# Irish porridge



## jabbur (Sep 3, 2018)

This summer, DH and I took a trip to Ireland. It was exhausting but fun! Our hotels always had a full-on Irish breakfast buffet which was scrumptious. I don't generally like oatmeal but the porridge on these buffets was always so creamy and lovely. Not the "snotty" texture I get when I make oatmeal at home. Anyone know why theirs is so creamy and mine is so...not? If I could make it like theirs, I'd have it every morning!


----------



## tenspeed (Sep 3, 2018)

I make steel cut oats in the rice cooker, which makes terrific oatmeal.  I use this recipe for the Zoji rice cooker (porridge setting), but substitute raisins for the dates.

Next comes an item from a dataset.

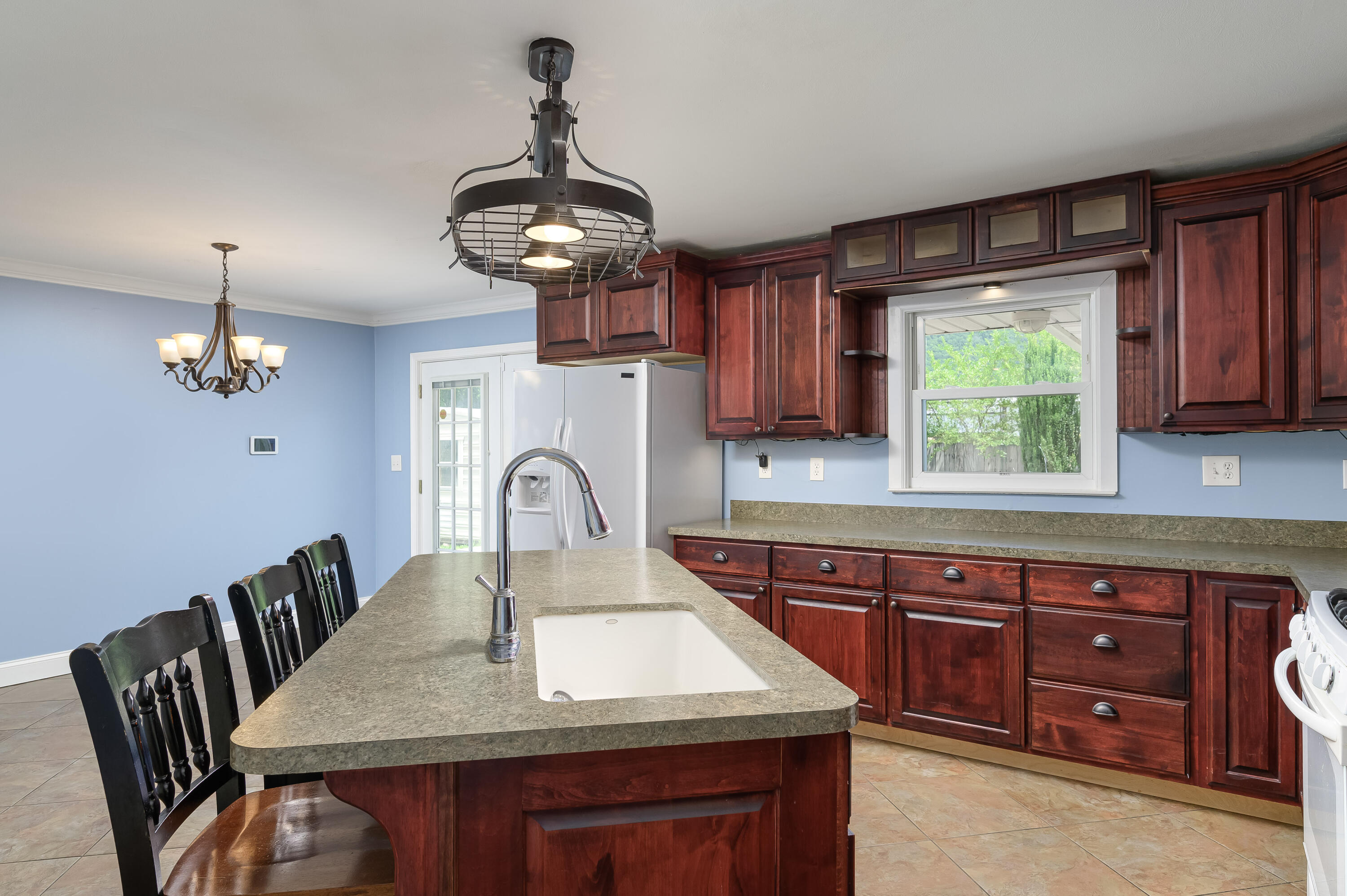 1561 Ooltewah Ringgold Road Ringgold, GA 30736 - Photo 11 of 37 1561_Ooltewah_Ringgold_Rd_0024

https://www.geniuskitchen.com/recipe/creamy-breakfast-oatmeal-rice-cooker-142363?ftab=reviews


----------



## buckytom (Sep 3, 2018)

First, you need stone ground and toasted oats. Look for Macroom's brand. Or, more commonly available is McCann's steel cut oats. You don't want instant oats, or rolled oats.

Then, you either cook it "on water", or "on milk". That is the liquid you first bring to a light boil to which you add the oats. Also, add them gradually, stirring them in.

Finally, you need to cook this, stirring often for about 30 minutes.

Serve with brown sugar, butter, and some people even like more cream.


----------



## jabbur (Sep 3, 2018)

Thanks for the replies. I don't have a rice cooker. I can be appliance challenged with some things. I had a rice cooker at one time.  Had it sitting on my glasstop stove. DH turned on a burner and melted the base. Never got around to replacing it. I may try the stovetop like Bucky suggested. I wasn't sure if it was the oats or if they used heavy cream instead of water that made the difference. Thanks again.


----------



## Mad Cook (Sep 3, 2018)

jabbur said:


> This summer, DH and I took a trip to Ireland. It was exhausting but fun! Our hotels always had a full-on Irish breakfast buffet which was scrumptious. I don't generally like oatmeal but the porridge on these buffets was always so creamy and lovely. Not the "snotty" texture I get when I make oatmeal at home. Anyone know why theirs is so creamy and mine is so...not? If I could make it like theirs, I'd have it every morning!


Probably full cream milk & long slow cooking. Mine tends to be a bit chew-y but that's because I'm in too much of a hurry at breakfast time!

The traditional way of making porridge in these islands used to involve preparing the porridge the night before and leaving it in the slow oven overnight. Of course that doesn't happen much now unless you have an AGA or other solid fuel range which is lit permanently.

The longer and slower you cook porridge the better it is (as long as you don't let it burn!) and with a dollop of Tate & Lyle's Golden Syrup it's to die for - none of this Scottish nonsense about putting salt on it.


----------



## Cooking Goddess (Sep 4, 2018)

*jabbur*, I've used the McCann's steel cut oats in the past with success. Now, however, I buy no-name cut oats in bulk from the Amish bulk food store when we visit the kids back home in OH. Much cheaper, still just as good.

The long, slow cook is what makes them not snotty. I just use water, no milk. I start with a 4 parts water to 1 part oats to start, but can add up to another cup of water as I cook slowly and stir regularly over 45 minutes or so. I do make enough for four servings, although I probably should make six. I portion out between my small Corning casserole dishes so I can cover them with their own lids and stack them in the fridge. 

I do add milk when I reheat, and finish off with honey and chopped walnuts, or dried fruits (dried cherries and nutmeg - yum), but I've never tried making them savory. Maybe a bit of cheese and some bits of cooked breakfast sausage would be tasty...


----------



## CakePoet (Sep 4, 2018)

I can do a creamy porridge with  rolled oats, all you need is half milk and half  water, a pinch of salt  and stir while it cooking until it  thickens and then add little more milk and done.


----------



## Mad Cook (Sep 4, 2018)

I forgot to say that I have had good results with porridge in the slow cooker


----------



## jabbur (Sep 6, 2018)

I got the steel cut oats. Need to pick up some cream and hope to give this a try this weekend. Thanks for all your help!


----------